İki boğuk ses ardı ardına duyuldu. Yıldız Tanrısı'nın Kırık Gölgesi tekniğinin gücü ani hareketinde yatmıyordu, asıl önemli nokta bu ani hareketin gerçekleştiği anda kişinin aurasının tamamen gizlenmiş olmasıydı. Xing Ling kadar güçlü biri bile gerçek Yun Che ile sahte olan arasındaki farkı söyleyemezdi.
Yun Che, Xing Ling’in gücünden üst üste üç kez kaçındı, yine de kesinlikle çok iyi değildi. Sonuçta, hâlâ sekizinci seviye bir İlahi Egemen'in gücüydü ve bu gücün en uzak dalgalanmalarına temas bile kesinlikle yaralanmayla sonuçlanacaktı… Yukarıdaki uzak gökyüzünde, bakışları karanlık ve bulutlu bir hal almıştı. Yüzü tamamen beyaz bir hal almıştı ve şok edici bir şekilde ağzının köşesinden kan akıyordu.

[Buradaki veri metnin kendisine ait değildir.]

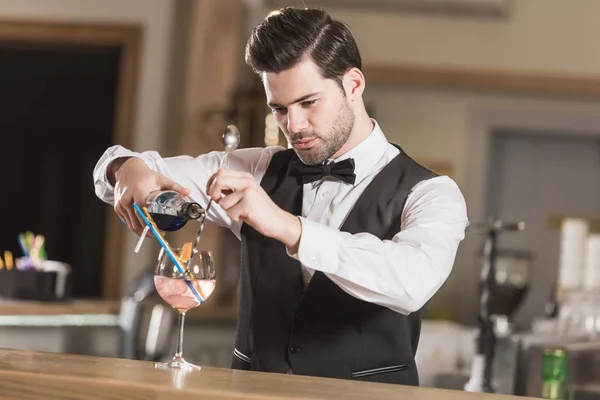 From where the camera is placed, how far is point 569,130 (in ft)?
21.6

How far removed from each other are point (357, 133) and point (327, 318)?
412 millimetres

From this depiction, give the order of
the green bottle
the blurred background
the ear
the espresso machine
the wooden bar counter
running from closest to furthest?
the wooden bar counter
the ear
the green bottle
the espresso machine
the blurred background

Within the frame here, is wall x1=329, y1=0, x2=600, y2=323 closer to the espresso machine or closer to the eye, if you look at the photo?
the espresso machine

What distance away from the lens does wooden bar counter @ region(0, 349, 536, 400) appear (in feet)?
4.54

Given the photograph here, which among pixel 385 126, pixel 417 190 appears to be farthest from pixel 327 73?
pixel 385 126

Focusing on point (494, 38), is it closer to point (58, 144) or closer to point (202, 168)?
point (58, 144)

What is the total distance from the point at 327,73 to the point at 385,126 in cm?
467

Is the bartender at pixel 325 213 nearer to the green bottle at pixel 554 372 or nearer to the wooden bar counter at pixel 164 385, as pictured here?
the wooden bar counter at pixel 164 385

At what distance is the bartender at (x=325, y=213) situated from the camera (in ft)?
6.07

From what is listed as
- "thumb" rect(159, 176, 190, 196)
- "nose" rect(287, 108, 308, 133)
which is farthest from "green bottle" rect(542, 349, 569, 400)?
"thumb" rect(159, 176, 190, 196)

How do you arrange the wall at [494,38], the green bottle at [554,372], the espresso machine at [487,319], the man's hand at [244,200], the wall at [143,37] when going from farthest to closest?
the wall at [494,38]
the wall at [143,37]
the espresso machine at [487,319]
the green bottle at [554,372]
the man's hand at [244,200]

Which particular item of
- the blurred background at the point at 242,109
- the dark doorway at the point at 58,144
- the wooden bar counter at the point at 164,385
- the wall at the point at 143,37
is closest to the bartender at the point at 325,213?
the wooden bar counter at the point at 164,385

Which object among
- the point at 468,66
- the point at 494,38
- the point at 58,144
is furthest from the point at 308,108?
the point at 494,38

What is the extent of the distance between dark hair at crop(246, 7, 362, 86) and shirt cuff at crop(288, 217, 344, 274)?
1.22ft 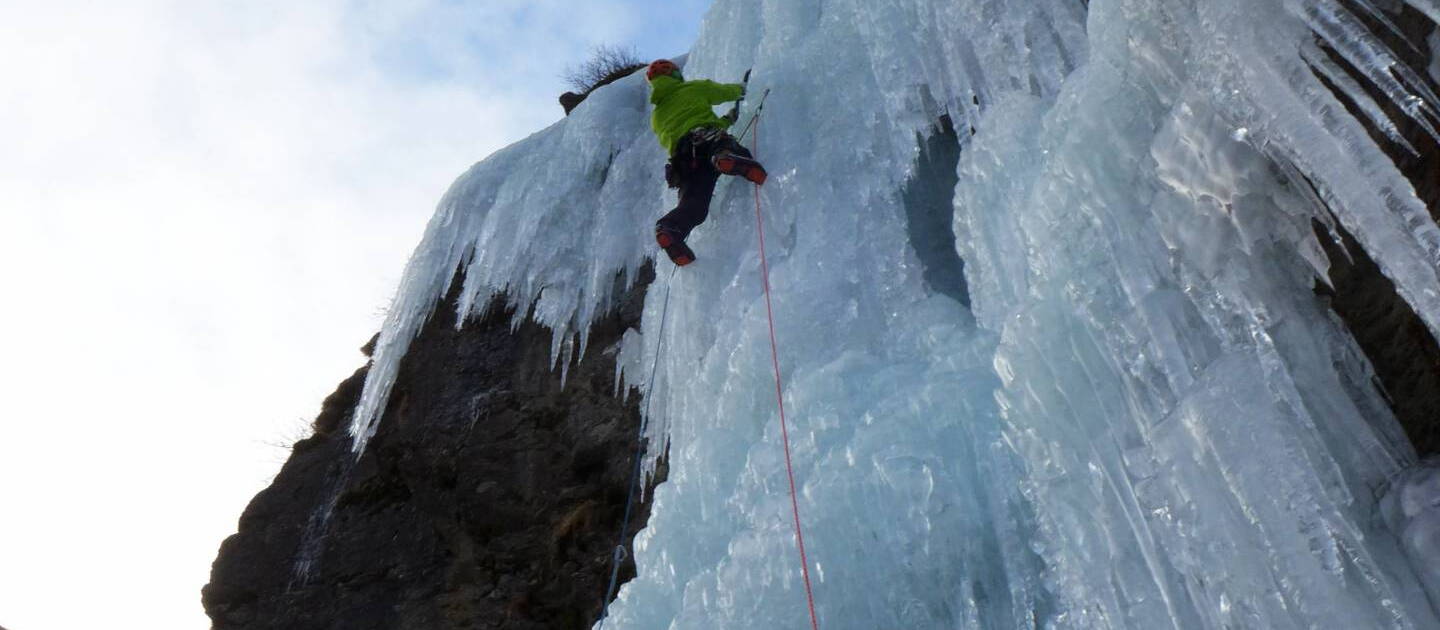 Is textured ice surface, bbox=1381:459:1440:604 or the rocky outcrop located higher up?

Xing Ling bir daha saldırmadı. Bunun yerine kayıtsız bir yüz ifadesiyle, “Yun Che, buraya gelmeye cesaret ettiğin için sonucun ne olacağını biliyor olmalısın, bu yüzden neden bu faydasız mücadeleye ısrarla devam ediyorsun?” dedi.
Kelimeler ağzını terk ettiği gibi, bir enerji dalgası aniden yukarıdan aşağı düştü. Yun Che bu sefer atlatmaya çalışmadı. Bunun yerine, kılıcını Xing Ling'in kafasına doğru hızla sallarken aşağı doğru hücum etti... Cennet Cezalandıran Kılıçtaki yanan alevler o anda arafın kaynayan alevleri kadar uğursuz görünüyordu.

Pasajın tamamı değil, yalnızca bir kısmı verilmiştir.